Yet it's tempting to think that even in Nairn's day the decent London pub was on the retreat. Nairn's employers, the patrician old Architectural Press, found it necessary to build their own replica pub in the basement of the Queen Anne's Gate offices lest their impressionable staff be disappointed by entering the vileness of a real pub in Victoria.

The modern London pub is a soul-dismaying establishment, where it is not a life-threatening one. None of life's cultivated pleasures is to be found there. Carpets with swirling dayglo designs, video machines, high riff-raff quotient, satellite television, smoking, pork scratchings, hearty attempts at illiterate internationalism (one Chelsea pub offers turkey lasagne) or Heritage Trail home cooking. Worst of all, a pervasive sense of neglect and carelessness. Since most pubs belong to conglomerates whose mission is to enhance share value rather than serve you, and are managed by ignorant cynics and staffed by ex-cons or breezy itinerants, any sense that you are in a 'public house', with that phrase's pleasing associations of domesticity, is elusive.

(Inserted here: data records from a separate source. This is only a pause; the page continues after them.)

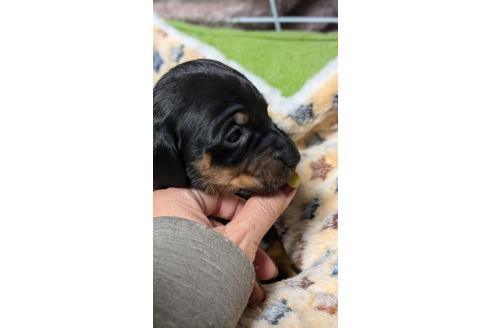 成約済の愛知県のミックス犬-368556の8枚目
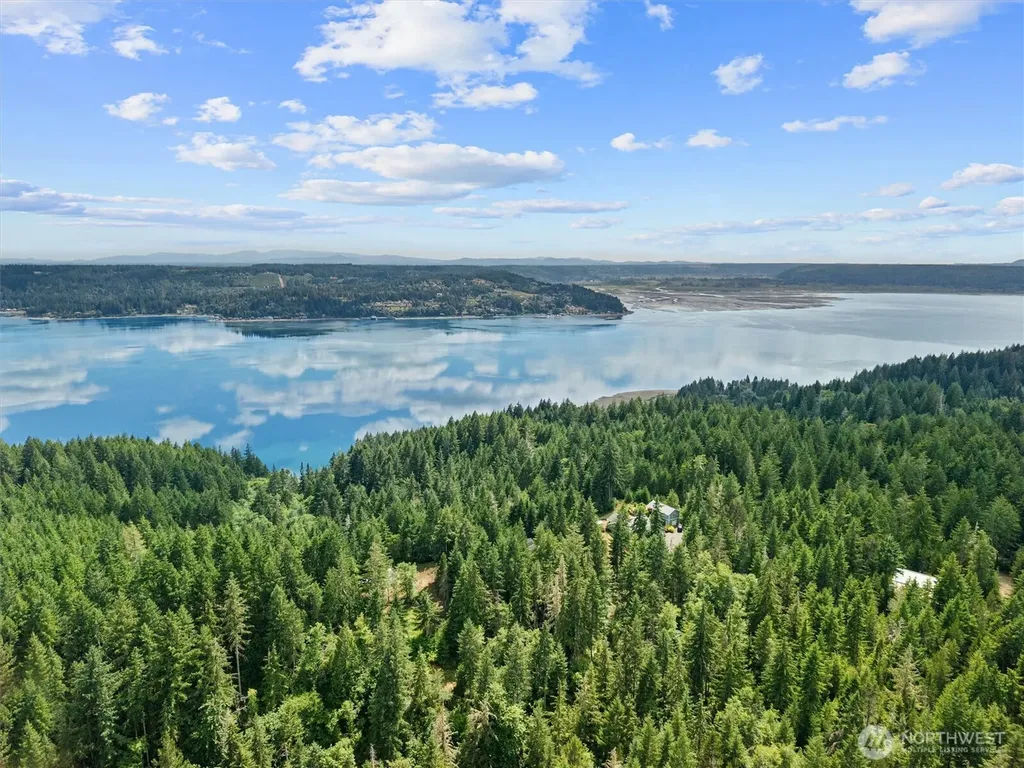 1090 NE Patton Tahuya WA 98588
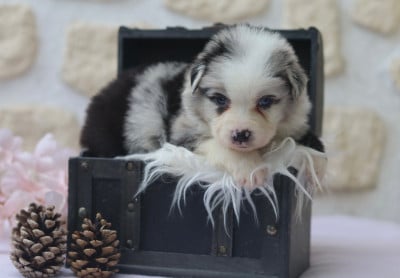 Les chiots de Berger Australien
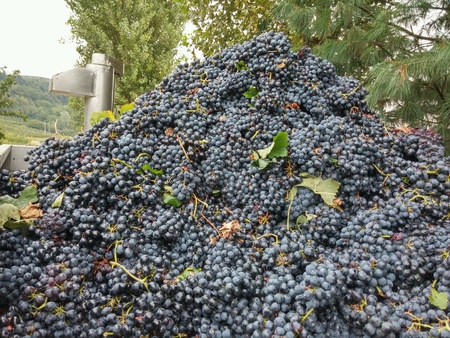 Grape wine (Barbera). Piemonte. Italy.の素材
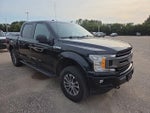 2018 F-150 Thumbnail 6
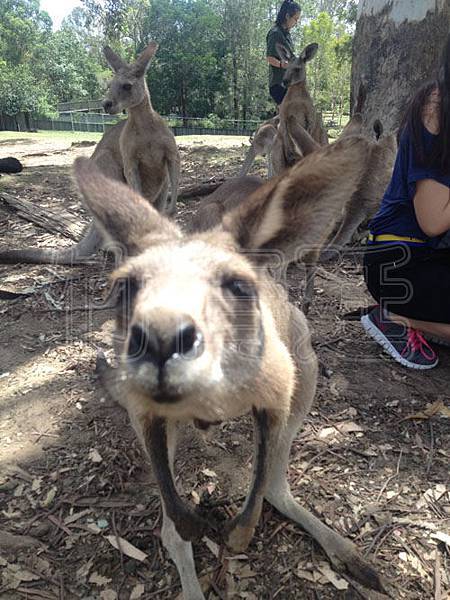 (旅遊)(澳洲)龍柏動物園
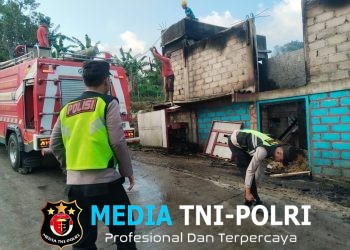 Kandang Ayam di Slogohimo Terbakar, 7.000 Anak Ayam Selamat, Kerugian Ditaksir Rp700 Juta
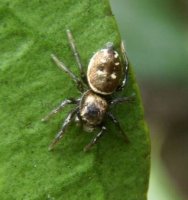 Heliophanus cupreus-1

If you want to know what pubs could be like, try The Peasant in Clerkenwell or The Enterprise in Chelsea. Taken out of the hands of rapacious brewers, these brave independents put dignity and quality and simple comfort where the conglomerates put squalor, indifference and eyes-too-close-together venality.

If anything, wine bars are worse than pubs. When they first appeared they were received with some excitement as tokens of continental sophistication in London, where wine consumption had hitherto been polarised between City types drinking in Leadenhall basements and bag ladies quaffing cream sherry on park benches. Although it is hard to believe today that once just to mouth the word 'Muscadet' was to claim membership of an exclusive club, few wine bars have advanced much on the view of the wine and food world established circa 1974. With the sole excepton of the banqueting facilities available on Thames river craft, the last places on earth where Russian Salad and that terrible Art Nouveau typeface called 'Davida' can still be found are the wine bars of London.

You could, of course, always try a hotel. The better ones certainly provide more hygienic environments than pubs or wine bars. And London has a fabulous range of architectural experiences to offer the adventurous. If you want to see the repulsive taste of a rich Texan dentist built on a monumental scale, try The Lanesborough, part the fronds and wave at a new friend. Interested in petrified modernism with your martini? The American bar at the Savoy is a must. Want to get an impression of a five-star Californian brothel? Try a glass of champagne in Blake's.

Yes, there are plenty of curiosities in hotel bars, but none have that feel of intimacy essential to the universal desire for a drink among civilised people, especially after a day of metropolitan horrors. It's astonishing in a city of this size that no one has sensed the opportunity of building a decent bar. Dark and comfortable with lots of zinc, leather and hardwood, there would be a discreet murmur of conversation and barmen, philosophical when called on to be so. You could go alone to read a paper for half an hour, or take a companion for quietly convivial conversation in supportive surroundings. Can I be the only person who finds this vision utterly beguiling?